*What is expected*: Look in the listing below for the line that has "The fourth class is", then return it and each following line up to and including the one with "Negative smears can", exactly and without pictures.

=== Given records ===

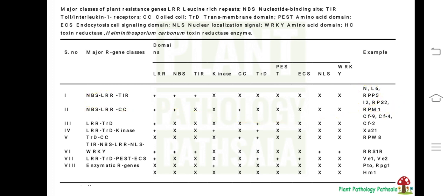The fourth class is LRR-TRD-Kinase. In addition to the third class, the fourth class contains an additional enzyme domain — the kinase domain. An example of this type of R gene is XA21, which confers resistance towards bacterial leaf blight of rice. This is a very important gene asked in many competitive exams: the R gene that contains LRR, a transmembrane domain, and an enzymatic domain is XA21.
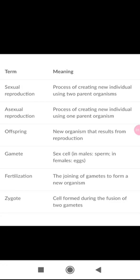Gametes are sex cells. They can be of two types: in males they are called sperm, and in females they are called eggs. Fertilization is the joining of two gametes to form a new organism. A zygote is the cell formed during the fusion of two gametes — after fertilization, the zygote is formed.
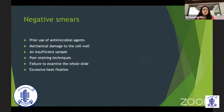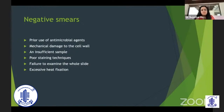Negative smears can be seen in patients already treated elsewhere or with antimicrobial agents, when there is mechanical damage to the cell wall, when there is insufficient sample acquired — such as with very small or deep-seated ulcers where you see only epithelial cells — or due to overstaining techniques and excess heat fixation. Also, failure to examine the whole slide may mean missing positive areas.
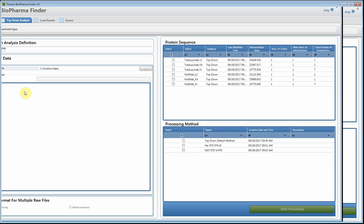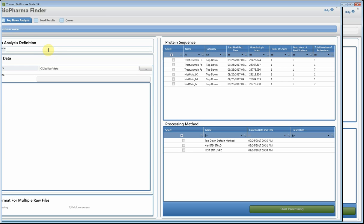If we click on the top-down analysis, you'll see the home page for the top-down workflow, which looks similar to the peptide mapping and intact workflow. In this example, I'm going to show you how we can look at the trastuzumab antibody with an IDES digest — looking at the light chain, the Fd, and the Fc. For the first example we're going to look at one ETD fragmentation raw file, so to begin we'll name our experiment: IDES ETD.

===
=== Given records ===

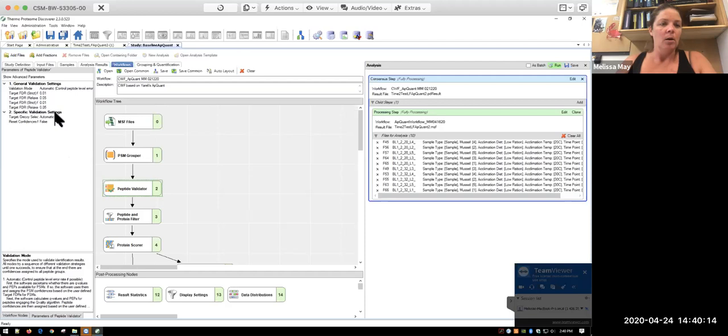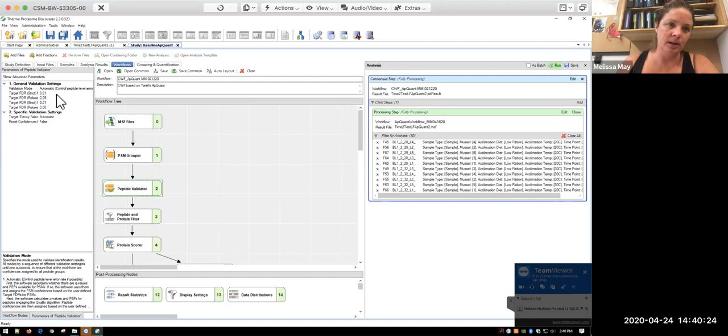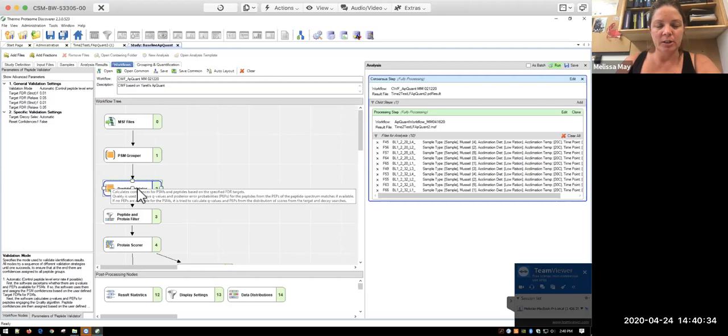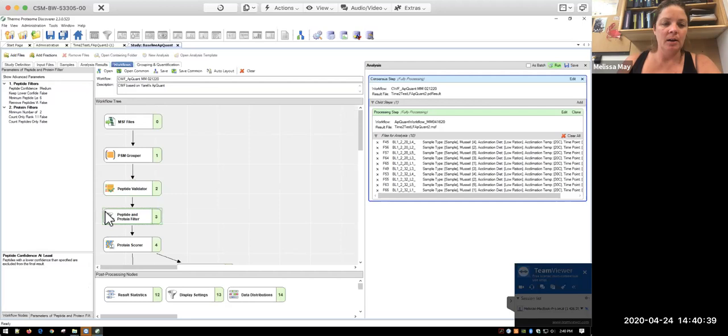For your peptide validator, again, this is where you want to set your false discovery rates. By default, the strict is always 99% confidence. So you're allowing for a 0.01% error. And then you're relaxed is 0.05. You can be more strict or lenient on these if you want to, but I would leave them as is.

===
=== Given records ===

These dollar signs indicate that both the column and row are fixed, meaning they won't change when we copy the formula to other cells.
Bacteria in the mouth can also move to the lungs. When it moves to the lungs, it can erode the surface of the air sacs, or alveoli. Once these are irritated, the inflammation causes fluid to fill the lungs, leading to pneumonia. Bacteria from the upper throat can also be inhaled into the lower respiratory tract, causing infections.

===

*Reply to the exercise*:
The fourth class is LRR-TRD-Kinase. In addition to the third class, the fourth class contains an additional enzyme domain — the kinase domain. An example of this type of R gene is XA21, which confers resistance towards bacterial leaf blight of rice. This is a very important gene asked in many competitive exams: the R gene that contains LRR, a transmembrane domain, and an enzymatic domain is XA21.
Gametes are sex cells. They can be of two types: in males they are called sperm, and in females they are called eggs. Fertilization is the joining of two gametes to form a new organism. A zygote is the cell formed during the fusion of two gametes — after fertilization, the zygote is formed.
Negative smears can be seen in patients already treated elsewhere or with antimicrobial agents, when there is mechanical damage to the cell wall, when there is insufficient sample acquired — such as with very small or deep-seated ulcers where you see only epithelial cells — or due to overstaining techniques and excess heat fixation. Also, failure to examine the whole slide may mean missing positive areas.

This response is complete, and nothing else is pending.